A 1-Year CHALLENGE to Help You Supercharge Your Writing Career

Updated: Sep 26, 2020

One thing I often receive comments on is how I’ve managed to build an online community around my writing.

To be honest, part of my success at doing that is because I just simply LOVE interacting with readers and other writers, and so it happened somewhat organically as I began to put my work out there and form relationships with others online.    However, there was a plan in place, a certain method to the madness, and I think that is what enabled me to truly grow something solid and unified, something that gives me both a steady, supportive readership base as well as a network of fellow writers with whom I can discuss ideas and ways to improve my craft.

I’m not 100% where I want to be with this, by any means — my community is still relatively small, and I am always striving to grow and improve!  But the community I do have is an amazing, motivating, loyal one, and so I consider myself incredibly blessed. 

And it is NOT lost on me that just over a year ago, I had ZERO online presence for my writing and no community at all!  Now I have a base of readers who cheer me on, get excited when I release new things, beta-read for me, participate in online chats with me, and more.  What has happened in just a little more than a year is truly breathtaking, and something for which I’m deeply grateful.  

Experts in this type of growth say that you really only need 1000 “true fans” to be successful… just 1000 people who truly love your work, follow you, support you, buy your books/products, and share your work with their friends.  I’m not quite at 1000 yet, but I’m so much farther than I was a year ago, and it’s growing more every week.  (I love getting “someone just subscribed to your site” notifications!)

I’m a teacher at heart (I can’t turn it off!), and so whenever someone asks me, “How did you do this?  How can I build an online community around MY writing?” I do my best to provide some pointers.  But truly, what growth I’ve made was made intentionally, and it was a process.

Today, I am sharing (most of) that process.

If you’re one of those who have been asking — or just found this post by chance — I hope that you find this helpful as a starting point for beginning to grow your own online writing platform/community that can support your future goals as a writer.


There is a chart below showing each month’s “challenge task,” followed by an explanation of each item. 

The idea is to begin with just one small task or element at a time, do it consistently for a month, and then add the next one.  In this way, the task doesn’t feel so overwhelming, but becomes the accumulation of 12 smaller habits that you add in one per month over the year.   If you do this, you might just be astonished at how much growth can happen by the year’s end.

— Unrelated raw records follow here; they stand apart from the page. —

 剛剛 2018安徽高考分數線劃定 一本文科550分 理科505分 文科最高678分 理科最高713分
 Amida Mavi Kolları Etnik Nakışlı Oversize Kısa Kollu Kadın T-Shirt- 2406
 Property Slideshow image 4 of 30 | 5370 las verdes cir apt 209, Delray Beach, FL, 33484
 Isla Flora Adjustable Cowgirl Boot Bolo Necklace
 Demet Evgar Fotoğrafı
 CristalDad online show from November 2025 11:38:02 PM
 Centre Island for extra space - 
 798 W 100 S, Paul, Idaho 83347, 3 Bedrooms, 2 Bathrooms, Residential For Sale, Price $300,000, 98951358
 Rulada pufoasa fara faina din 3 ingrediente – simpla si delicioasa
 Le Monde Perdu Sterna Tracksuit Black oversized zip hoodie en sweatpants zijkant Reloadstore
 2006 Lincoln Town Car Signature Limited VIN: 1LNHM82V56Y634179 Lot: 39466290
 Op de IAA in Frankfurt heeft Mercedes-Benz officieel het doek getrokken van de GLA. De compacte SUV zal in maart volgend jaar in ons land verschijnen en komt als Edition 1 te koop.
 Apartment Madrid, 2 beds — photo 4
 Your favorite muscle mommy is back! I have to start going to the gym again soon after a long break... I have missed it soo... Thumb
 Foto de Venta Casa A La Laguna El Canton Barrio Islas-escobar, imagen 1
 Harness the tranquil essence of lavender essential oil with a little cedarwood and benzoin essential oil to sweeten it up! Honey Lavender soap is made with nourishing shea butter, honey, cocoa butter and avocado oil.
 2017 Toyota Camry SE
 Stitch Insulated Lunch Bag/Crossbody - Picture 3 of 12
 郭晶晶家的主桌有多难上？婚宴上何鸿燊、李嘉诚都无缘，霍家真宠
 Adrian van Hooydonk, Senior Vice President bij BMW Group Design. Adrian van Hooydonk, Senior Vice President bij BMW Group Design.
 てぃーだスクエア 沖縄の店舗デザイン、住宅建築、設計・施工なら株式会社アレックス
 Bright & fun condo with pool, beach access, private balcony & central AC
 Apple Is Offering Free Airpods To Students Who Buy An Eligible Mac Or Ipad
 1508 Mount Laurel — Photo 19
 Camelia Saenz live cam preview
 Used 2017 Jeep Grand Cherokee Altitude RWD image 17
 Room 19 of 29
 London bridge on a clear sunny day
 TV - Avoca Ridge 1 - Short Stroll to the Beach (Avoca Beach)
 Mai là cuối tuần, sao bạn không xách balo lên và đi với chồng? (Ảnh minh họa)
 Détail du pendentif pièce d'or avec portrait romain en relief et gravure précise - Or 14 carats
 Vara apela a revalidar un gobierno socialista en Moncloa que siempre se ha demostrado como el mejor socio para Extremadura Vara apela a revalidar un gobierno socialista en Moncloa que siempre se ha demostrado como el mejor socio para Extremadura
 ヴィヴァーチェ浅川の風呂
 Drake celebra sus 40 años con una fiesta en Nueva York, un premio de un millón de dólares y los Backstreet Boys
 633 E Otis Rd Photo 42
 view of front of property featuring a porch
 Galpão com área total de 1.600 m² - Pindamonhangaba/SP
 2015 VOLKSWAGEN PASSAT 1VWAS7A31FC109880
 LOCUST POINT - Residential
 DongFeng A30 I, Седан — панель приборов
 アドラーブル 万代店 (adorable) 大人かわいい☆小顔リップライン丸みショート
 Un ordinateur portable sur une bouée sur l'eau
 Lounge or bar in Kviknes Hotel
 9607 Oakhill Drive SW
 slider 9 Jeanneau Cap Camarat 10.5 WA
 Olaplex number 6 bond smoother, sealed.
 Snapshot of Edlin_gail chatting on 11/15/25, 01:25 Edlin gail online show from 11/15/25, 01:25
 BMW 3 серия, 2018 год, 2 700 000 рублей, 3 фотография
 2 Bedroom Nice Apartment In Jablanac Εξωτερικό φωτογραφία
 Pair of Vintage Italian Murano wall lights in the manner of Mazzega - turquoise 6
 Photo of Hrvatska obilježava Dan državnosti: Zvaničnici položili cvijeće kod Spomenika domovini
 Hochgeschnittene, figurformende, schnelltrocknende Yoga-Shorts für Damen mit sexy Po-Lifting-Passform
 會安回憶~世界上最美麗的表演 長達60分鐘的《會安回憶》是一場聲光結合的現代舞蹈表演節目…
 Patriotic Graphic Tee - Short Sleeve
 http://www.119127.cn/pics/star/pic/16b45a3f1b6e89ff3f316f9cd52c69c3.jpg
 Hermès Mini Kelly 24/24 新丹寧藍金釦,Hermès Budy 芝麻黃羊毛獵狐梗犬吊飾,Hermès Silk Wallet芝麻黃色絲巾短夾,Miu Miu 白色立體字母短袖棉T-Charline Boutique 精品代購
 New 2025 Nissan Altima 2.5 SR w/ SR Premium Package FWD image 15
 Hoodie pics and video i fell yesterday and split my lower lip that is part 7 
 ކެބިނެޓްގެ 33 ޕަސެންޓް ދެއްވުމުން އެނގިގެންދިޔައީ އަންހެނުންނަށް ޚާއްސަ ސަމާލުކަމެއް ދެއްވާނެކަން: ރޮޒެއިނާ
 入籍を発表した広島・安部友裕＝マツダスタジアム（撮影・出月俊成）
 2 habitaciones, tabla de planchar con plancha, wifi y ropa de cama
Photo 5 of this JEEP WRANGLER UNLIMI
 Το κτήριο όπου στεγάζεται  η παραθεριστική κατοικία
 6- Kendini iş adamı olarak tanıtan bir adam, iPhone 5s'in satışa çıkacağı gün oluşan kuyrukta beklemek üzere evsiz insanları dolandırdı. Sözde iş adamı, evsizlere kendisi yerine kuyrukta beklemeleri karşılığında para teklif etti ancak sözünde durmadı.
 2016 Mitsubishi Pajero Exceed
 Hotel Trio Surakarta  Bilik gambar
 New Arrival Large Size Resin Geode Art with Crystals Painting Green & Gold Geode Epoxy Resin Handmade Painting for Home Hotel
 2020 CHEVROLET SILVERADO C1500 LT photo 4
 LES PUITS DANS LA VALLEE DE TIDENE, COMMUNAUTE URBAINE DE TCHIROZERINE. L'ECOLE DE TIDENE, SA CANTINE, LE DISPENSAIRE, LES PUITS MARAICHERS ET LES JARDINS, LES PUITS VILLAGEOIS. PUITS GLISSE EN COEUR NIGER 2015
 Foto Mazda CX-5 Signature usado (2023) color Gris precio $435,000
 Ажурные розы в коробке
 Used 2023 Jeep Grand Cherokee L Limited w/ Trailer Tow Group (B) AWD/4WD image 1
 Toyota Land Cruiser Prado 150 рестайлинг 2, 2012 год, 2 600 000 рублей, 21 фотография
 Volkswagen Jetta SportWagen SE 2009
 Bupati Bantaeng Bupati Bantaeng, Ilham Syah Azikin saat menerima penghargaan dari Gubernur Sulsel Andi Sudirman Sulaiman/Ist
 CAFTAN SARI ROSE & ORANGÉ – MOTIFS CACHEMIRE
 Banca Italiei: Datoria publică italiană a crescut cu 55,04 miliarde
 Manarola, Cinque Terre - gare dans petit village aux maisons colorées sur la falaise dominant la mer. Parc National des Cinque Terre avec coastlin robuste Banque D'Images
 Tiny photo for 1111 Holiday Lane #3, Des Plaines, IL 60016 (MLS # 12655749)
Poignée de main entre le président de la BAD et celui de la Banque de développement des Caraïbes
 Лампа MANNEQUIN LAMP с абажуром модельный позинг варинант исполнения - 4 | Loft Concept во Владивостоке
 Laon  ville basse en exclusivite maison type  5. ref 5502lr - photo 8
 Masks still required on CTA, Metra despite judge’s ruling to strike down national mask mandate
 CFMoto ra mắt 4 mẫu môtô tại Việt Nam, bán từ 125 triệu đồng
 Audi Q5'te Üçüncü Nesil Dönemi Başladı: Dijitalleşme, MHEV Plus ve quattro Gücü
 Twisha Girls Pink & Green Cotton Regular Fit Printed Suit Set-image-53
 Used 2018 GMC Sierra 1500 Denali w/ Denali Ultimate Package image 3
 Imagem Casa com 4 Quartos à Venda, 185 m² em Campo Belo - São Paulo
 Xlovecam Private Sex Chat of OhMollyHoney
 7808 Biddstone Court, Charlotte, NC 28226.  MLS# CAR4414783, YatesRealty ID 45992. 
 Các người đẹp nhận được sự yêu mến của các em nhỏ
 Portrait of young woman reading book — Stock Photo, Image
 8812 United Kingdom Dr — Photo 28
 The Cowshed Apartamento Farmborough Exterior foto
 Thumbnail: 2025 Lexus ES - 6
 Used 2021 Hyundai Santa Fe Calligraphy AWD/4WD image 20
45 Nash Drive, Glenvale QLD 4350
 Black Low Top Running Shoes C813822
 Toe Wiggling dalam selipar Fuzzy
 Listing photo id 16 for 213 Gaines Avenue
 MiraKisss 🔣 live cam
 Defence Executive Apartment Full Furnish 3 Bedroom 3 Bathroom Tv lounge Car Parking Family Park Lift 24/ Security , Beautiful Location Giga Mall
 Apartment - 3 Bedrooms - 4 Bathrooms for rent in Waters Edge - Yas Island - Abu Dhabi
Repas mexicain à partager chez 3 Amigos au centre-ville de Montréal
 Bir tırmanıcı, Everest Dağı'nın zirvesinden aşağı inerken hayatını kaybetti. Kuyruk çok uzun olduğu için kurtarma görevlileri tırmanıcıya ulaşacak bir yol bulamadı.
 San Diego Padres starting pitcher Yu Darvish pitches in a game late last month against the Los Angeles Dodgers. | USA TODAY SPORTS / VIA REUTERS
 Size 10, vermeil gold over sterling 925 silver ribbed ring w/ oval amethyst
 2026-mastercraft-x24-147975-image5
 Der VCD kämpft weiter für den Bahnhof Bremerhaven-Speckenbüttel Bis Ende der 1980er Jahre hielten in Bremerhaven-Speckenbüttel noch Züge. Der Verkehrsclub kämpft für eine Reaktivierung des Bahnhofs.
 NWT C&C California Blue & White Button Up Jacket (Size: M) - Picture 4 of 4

I know everyone’s goals differ, but the monthly habits below should apply to most any writer looking to start or enhance their online presence.   Of course, I cannot guarantee that everyone will have the exact results I’ve had… but if you’re truly consistent with the below items, it would shock me if you didn’t experience at least some level of growth.  Growth is growth!   And truly, it would thrill me to know that this helped someone grow their writing career, even a little… and even more if you end up with some kind of super-amazing success that even surpasses mine!

A detailed explanation of each month’s “habit” follows beneath the chart.

If you have questions about anything, please feel free to comment or message me!  I would love to help!

1-year plan to supercharge your online writing presence

1. Commit To Writing Daily (Even Just a Paragraph!)

The best way to grow as a writer is to write.  Commit to producing at least one paragraph of original writing a day.  Not only will the habit of writing daily make writing come more smoothly, improve your writing skills, and help to prevent writer’s block, it will also ensure that you are producing some kind of content — as awesome as you may be, you can’t build a community around your writing if you aren’t actually writing anything.  And even if you drop out of this challenge and don’t complete any other months, DO THIS ONE.  You’ll thank me.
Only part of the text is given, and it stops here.